6. Fig 7,8,9 show details of a top quality shashka where the hilt fits fully inside the scabbard, up to the pommel. (The blade is an old Solingen blade, with typical Solingen etchings of the sun and moon and other features). The indicated area in the back is an open slot to accommodate blade curvature. (The Turks used a similar design for their deeply curved shamshirs and kyliges.)
7. Non-metallic hilts were usually made of what looks like 2 slabs of water buffalo horn (black or very dark brown), attached to the tang with 2 steel pins, peened over. Ivory is used, but rarely, because it is brittle Now comes the interesting part:
8. The metal hilt, such as shown in #10,11 is of sheet silver, completely hollow on the inside. I had restored several such pieces that had been badly damaged - so am well acquainted with the inner onstruction.
The tang, shown in RED outline, has two rough shaped slabs of soft wood (looks like whte pine) attached to it with two steel pins. The tang and the two slabs is a Very loose fit into the hollow hilt. These are inserted into the hilt and, while the two are held in place, a melt of Alum composition (Potassium aluminum sulfate?) - with a possible admixture of finely ground stone is poured into the cavity, filling all the vacant space in the pommel and hilt. As it cools, it solidifies into a hard stone-like material that not only holds the tang and its 2 slabs in place, but also backs up the sheet silver to prevent it being dented. The material seems to be deliquescent (absorbs moisture) and recrystallizes and expands as it dries - splitting the silver at the soldered seams. This is the great weakness of thie material.

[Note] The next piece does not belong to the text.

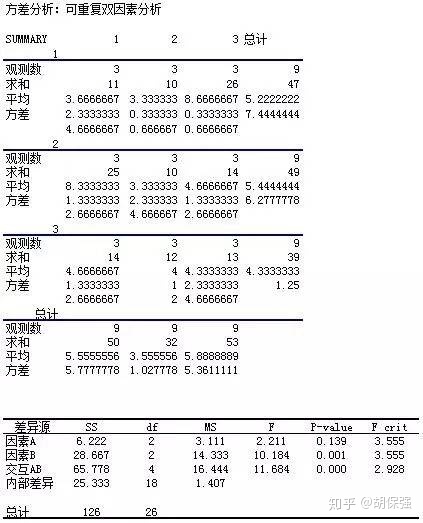 excel双因素方差分析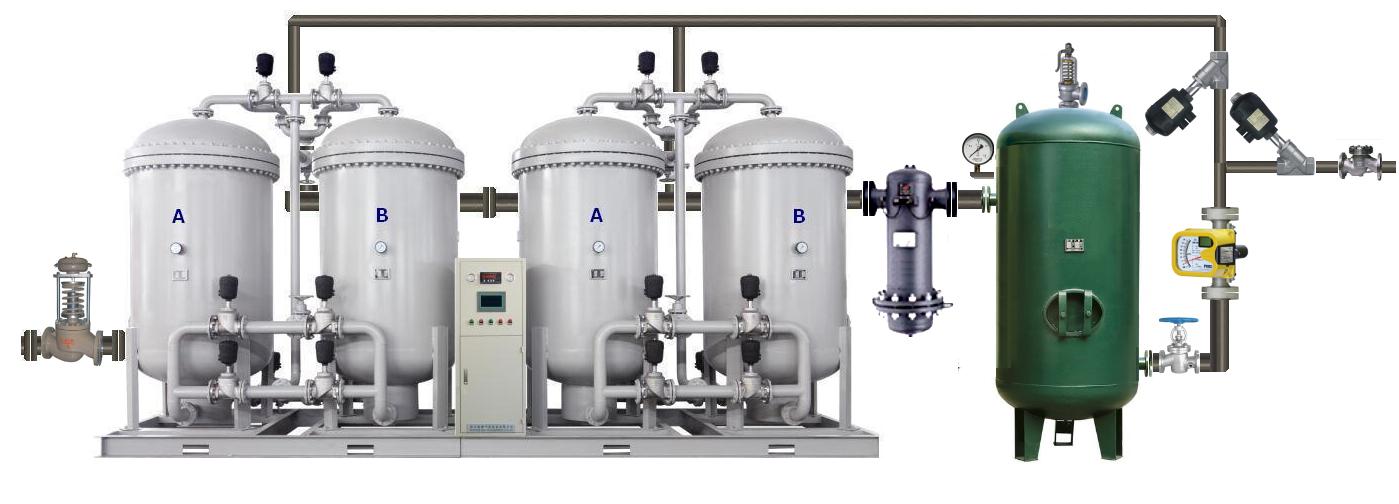 供应废水处理制氧机，空压机，过滤器，干燥机等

The reason I identify the filling material as alum (like used in styptic pencils) is that I tasted it. No mistakes here. By the way, the Italians are using the same type of hot casting material to make small art stauettes that look for all the world like they were made of marble. Nice looking pieces, usually.
On some of the hilts I have restored, moisture had gotten into the cavity and the material had expanded and split the silver at the joints. I had to get in there with a thin chisel and skewer to chip the material out of there with a small hammer. When it was all removed, I reinserted the tang, filled the cavity wuth US Gypsum Co. Ultracal-30 gypsum cement in some and with US Gypsum Hydrostone in others. Both of these have fantastic strength, but the Hydrostone is a bit tricky to use. Before pouring the gypsum, one must tape up any openngs in the silver shell, so the stuff does not seep out.
To achieve the high mechanical strength of these gypsum cements, exact gypsum/water proportions must be maintained. (These specially formulated gypsum cements are very much stronger than the common 'plaster of Paris' that one can get in a hardware store, and have a longer, gradual setting time. For instance, they are used in naval architecture for making the 'master plugs' used in the fabrication of fiberglass yacht hulls. They are also used similarly in the auto industry.
There is one step that remains a mystey to me: When the original maker of the silver style hilt has filled the cavity, how does he silver-solder the forward end of the hilt to the rest of the hilt? Any ideas?